So says Robert Halstead, the director of the State of Nevada's Agency for Nuclear Projects, who has led opposition to the U.S. Department of Energy's 300-mile-long, $3 billion rail line proposal that would be needed to transport irradiated nuclear fuel to the controversial dump-site.

The rail route would now have to pass through a national monument, threatening its wilderness and wildlife, and disrupting perhaps the largest landscape art project in North America. "City," created by Michael Heizer over the past half-century, is as large in size as the National Mall in Washington, D.C.
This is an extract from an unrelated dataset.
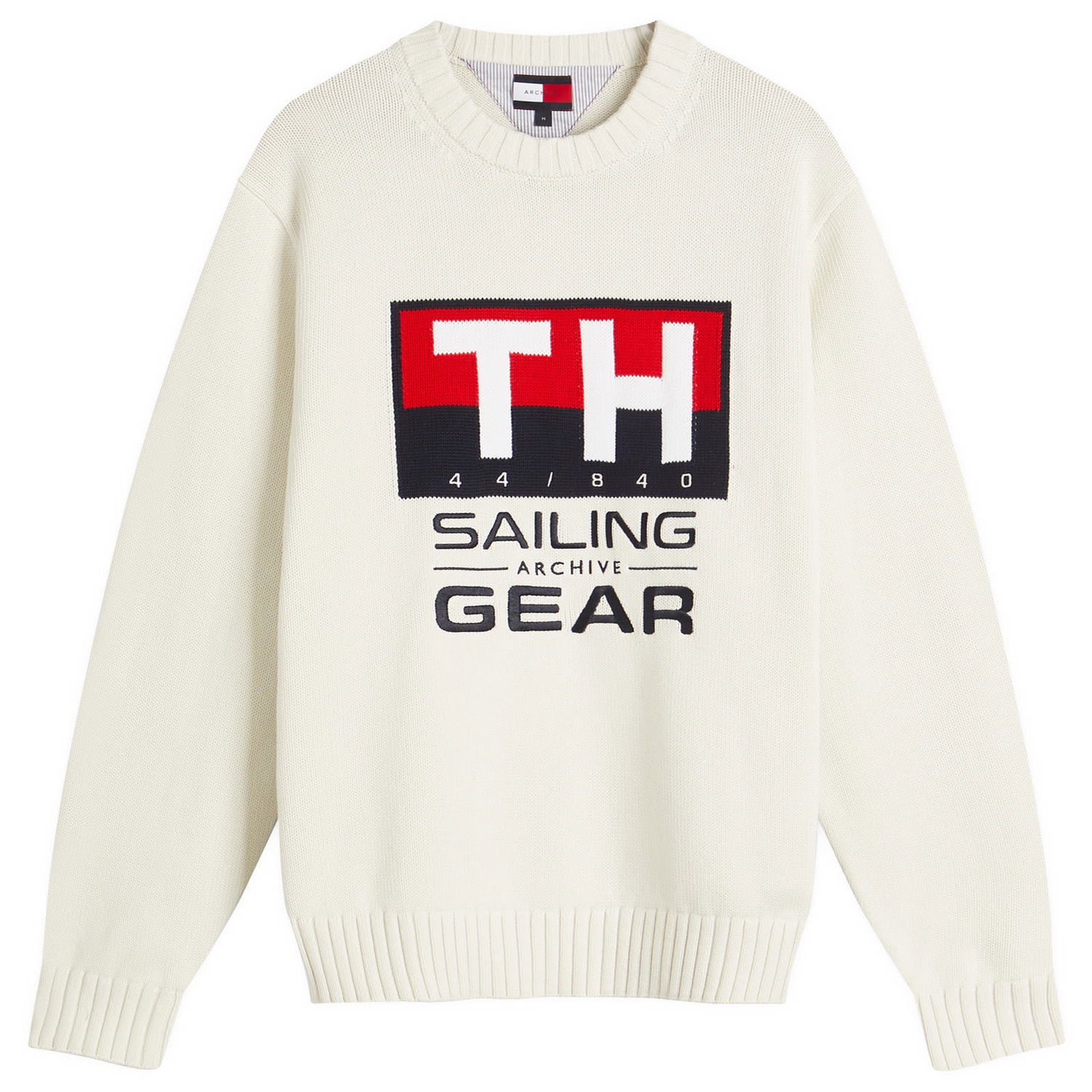 Sveter Tommy Hilfiger Tommy Jeans Men's Sailing Crewneck Knit Sweater Biela | MN0MN00017YBI, 0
As reported by Juliet Eilperin in the Washington Post, the Basin and Range National Monument is the fulfillment of a long-held dream by U.S. Senate Democratic Leader Harry Reid. Reid, who hails from Searchlight, NV, loves Nevada's desert. He has also devoted his long and successful political career in the U.S. Senate to blocking the Yucca dump, as one of his highest priorities.

This is not the first wilderness area to block a Mobile Chernobyl route and radioactive waste dump. In 2006, Sen. Reid worked with Republican colleagues from Nevada and Utah to create the Cedar Mountains federal wilderness area in Skull Valley, Utah. The designation effectively blocked the environmentally racist Private Fuel Storage, LLC high-level radioactive waste de facto permanent parking lot dump, targeted by a consortium of nuclear power utilities at the tiny Skull Valley Goshutes Indian Reservation west of Salt Lake City. The federal wilderness area was the first designated in Utah in a generation, brought about by the unlikely cooperation of traditional Native Americans, wilderness groups, and Utah's Mormon Republican political establishment.